One characteristic of modern, advanced countries, is that they realise that education is essential. We forget how recently this, now commonplace statement, was not the case. In the UK it was not until 1870 that there was primary and secondary schooling for all, and as late as the turn of the nineteenth/twentieth centuries, there were only half a dozen universities in the UK, and most of them dated from the Middle Ages. It was not until 1944 that the UK Government really turned its attention to secondary education. Before then, the main provider of education was the Church.

The Church, of course had a vested interest in the subject, and as, until relatively recent times, it provided the State with many of those who ran its institutions, the State was willing to support its efforts. For all the ill-informed criticisms directed at the medieval Church, there can be no doubt that it was, in effect, the Noah’s ark of classical learning.

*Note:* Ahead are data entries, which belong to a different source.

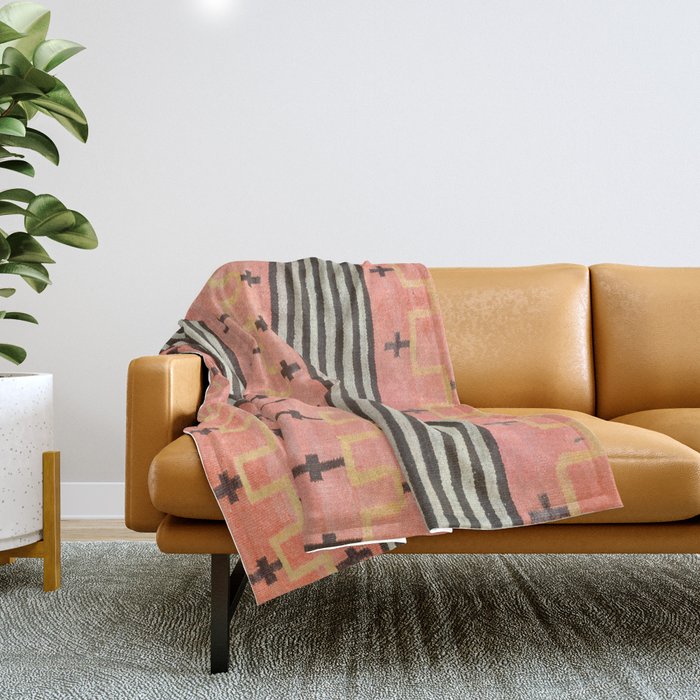 Vintage Southwest Blanket Print Throw Blanket Gallery Image 1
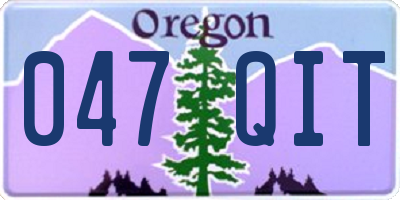 OR license plate 047QIT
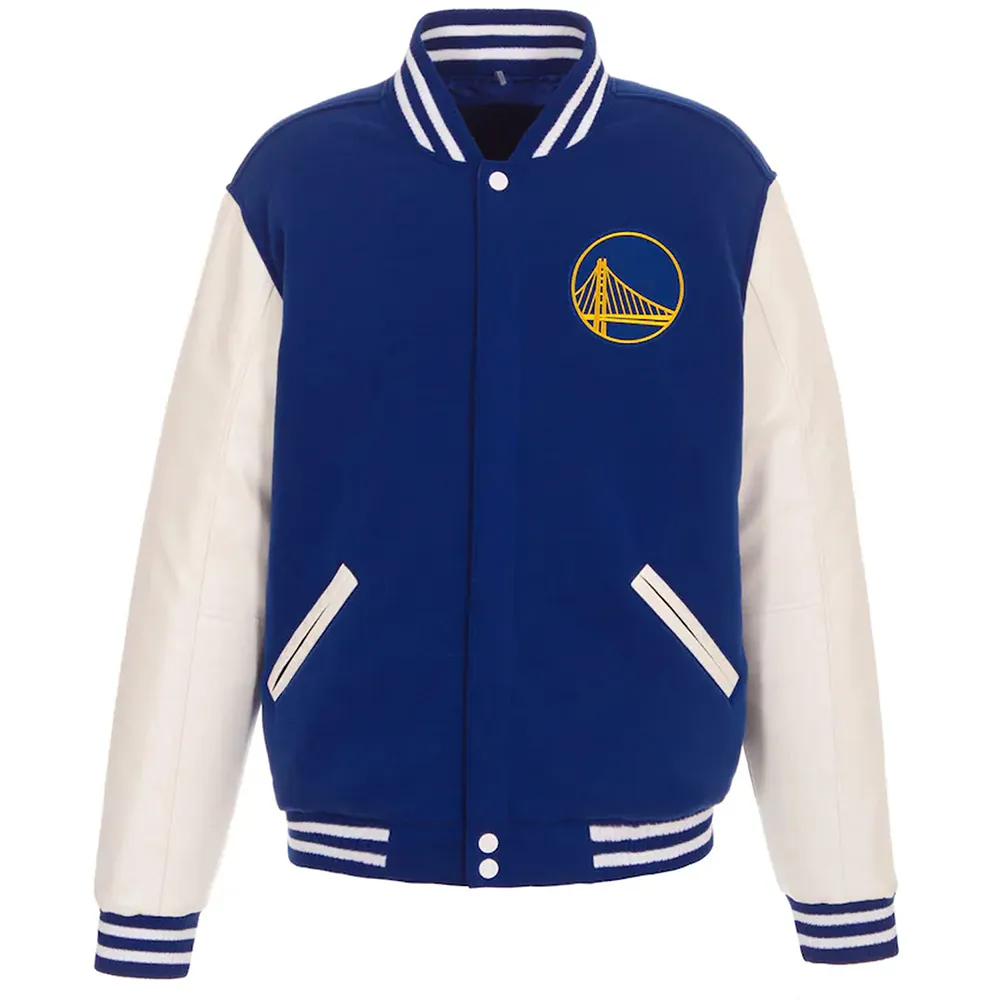 Golden State Warriors Royal and White Varsity Jacket Golden State Warriors Royal and White Varsity Jacket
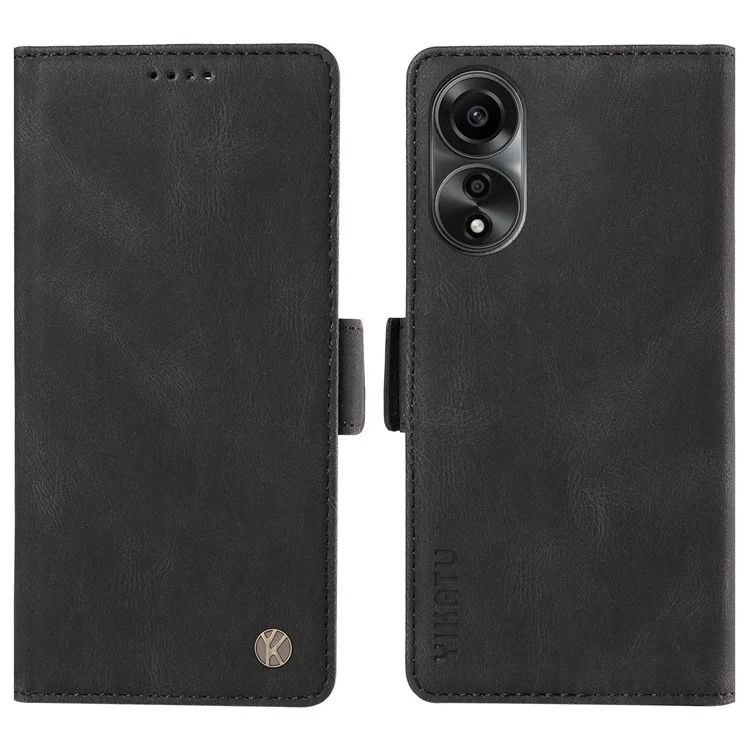 YIKATU YK-005 For Oppo A78 4G PU Leather Wallet Phone Case Skin-touch Stand Flip Cover - Blue-Cellmalls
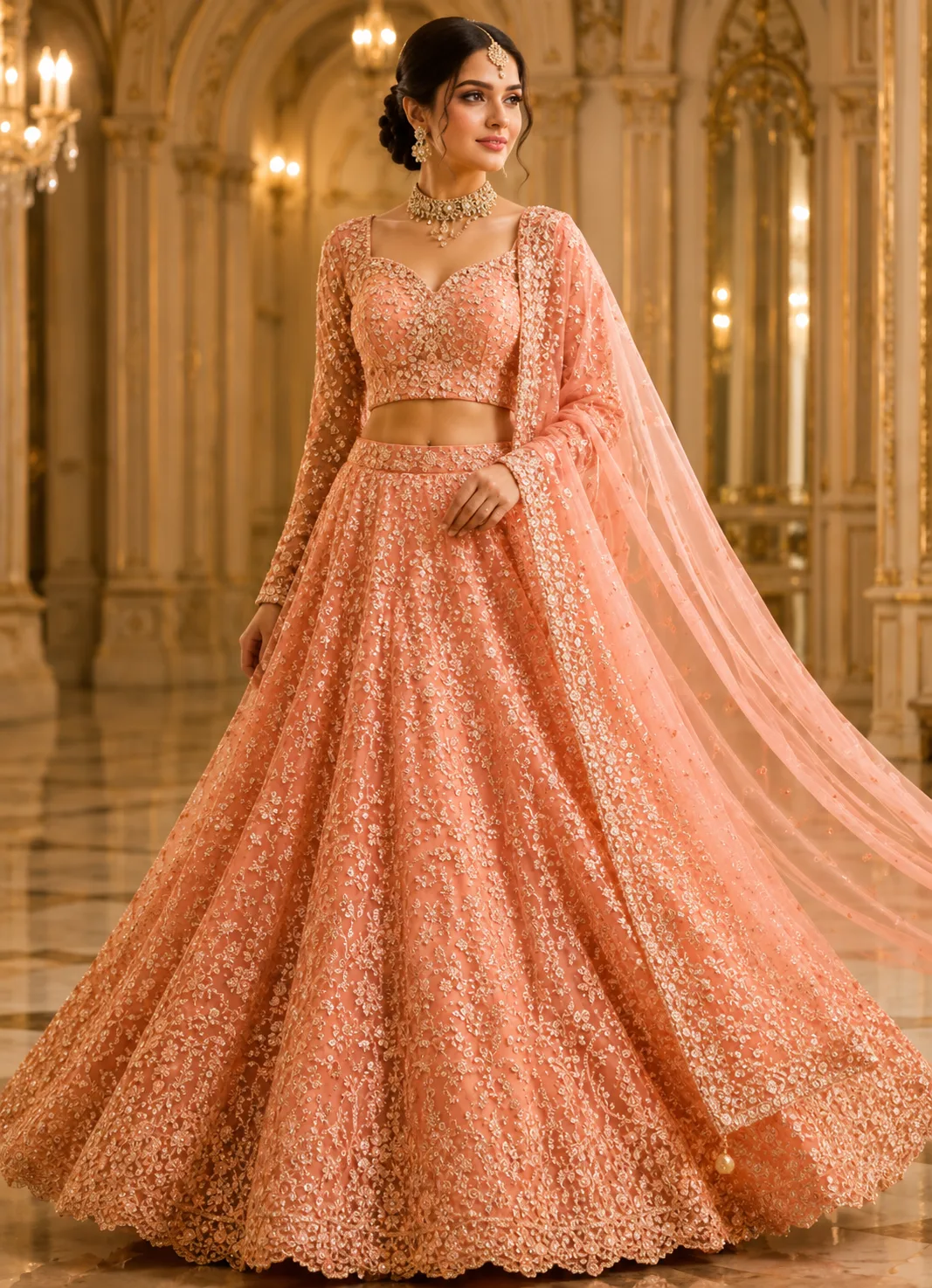 Peach Cording Net Readymade Lehenga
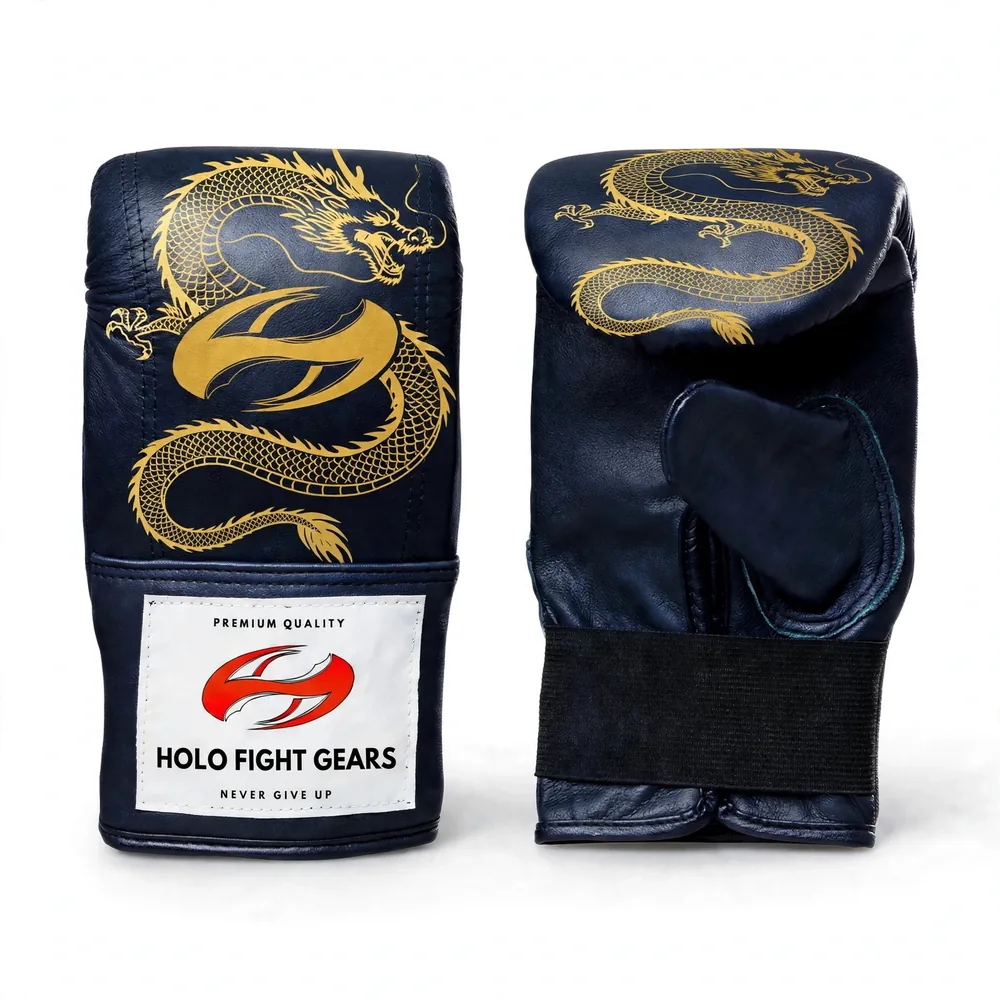 Navy Holo Fight Gears premium leather bag gloves with printed back panel design, pair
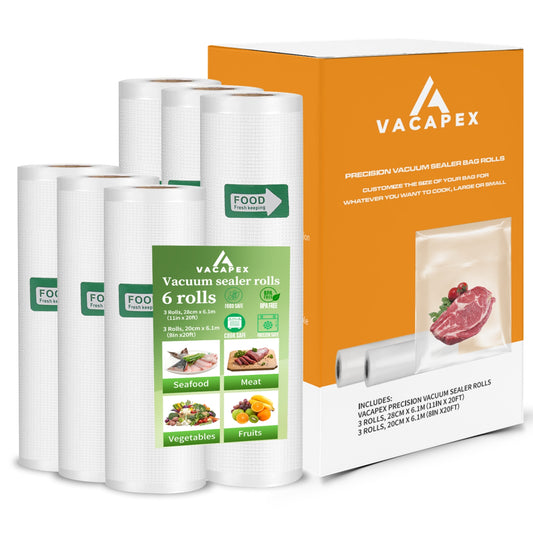 Vacuum Sealer Bags Rolls for Food, VACAPEX 6 Rolls for Custom Fit Food Storage, Meal Prep or Sous Vide, 8" x 20' (3 Rolls) and 11"x 20' (3 Rolls) Commercial Grade Vacuum Seal Freezer Bags Rolls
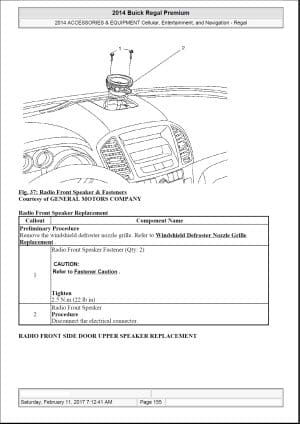 Buick Regal 2014 Workshop Manual - Tutalleronline - 5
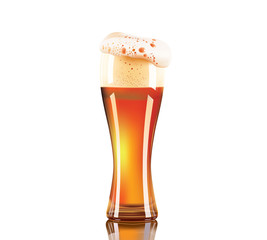 Photo-realistic beer glass isolated on white background. Elegant glass of craft beer. Vector illustration.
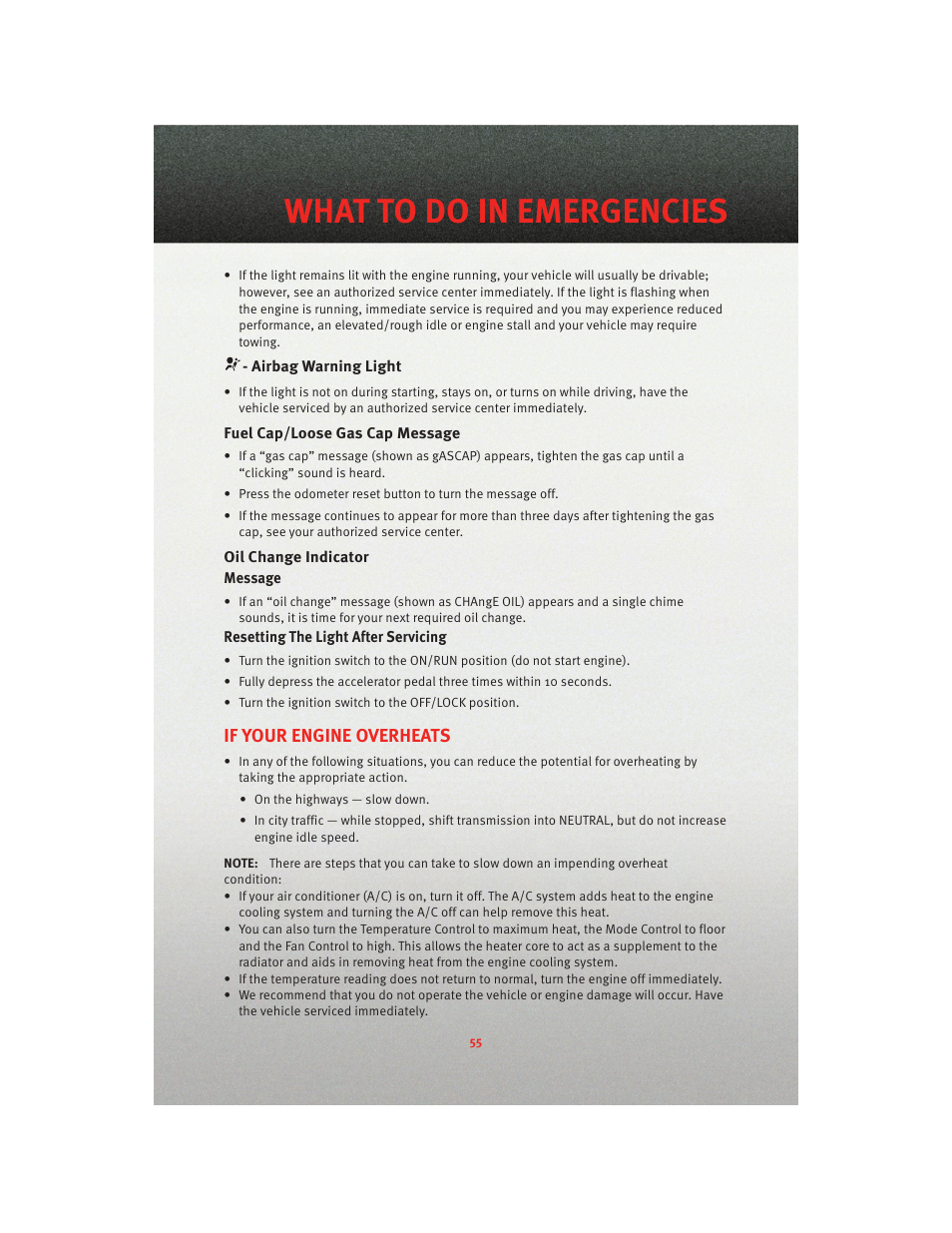 Airbag warning light, Fuel cap/loose gas cap message, Oil change indicator | If your engine overheats, What to do in emergencies | Dodge 2010 Grand Caravan - User Guide User Manual | Page 57 / 88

By the mid-twentieth century, it was accepted that modern States needed a highly educated work-force. In the UK, with its clear hierarchy of class, that tended to mean that anything utilitarian, was under-valued. When the British State expanded Higher Education in the 1960s, it did so by establishing universities which, despite the hyperbole about them being ‘new’, tended to imitate the established universities. It was left to the Polytechnics to deal with the more utilitarian end of the education market, but even there, the British class system exerted its pull, and as they expanded, many of them looked to imitate the traditional providers of Higher Education.

As usual in the UK, there was much pragmatism but little discussion of first principles. The Blessed John Henry Newman had clear ideas about what a university should be for. It should be a community of scholars, and the older ones should prepare the younger ones to be people able to realise the gifts they had been given by God. His faith in Divine Providence convinced him, in a religious version of market economics, that if Universities did that, then men (and in his day women were barred from Higher Education) would find the place where they could fulfil their destiny. He understood, as all good educators do, that it was the whole person, and not just the intellect, which needed to be brought out (‘e duco’ – leading out, the Latin root of the word).

That is why education, cut off from its religious roots, is in perpetual danger. The State is always myopic. Politicians, wedded to short-termism (usually the date of the next election) will seek to make it fulfil whatever short-term need they can think of. But they need, as the Church has always done, to take account of the sort of society they want to live in. Music and the arts do not happen by accident, and a good society will want them and value them; it will also be willing to pay for them, and allow rich men and women to support them too.

Education is for life, not just for a few years in our youth. If we grasp that it is about helping each of us be the person God meant us to be, then we are at less risk from the fads and fallacies of the age.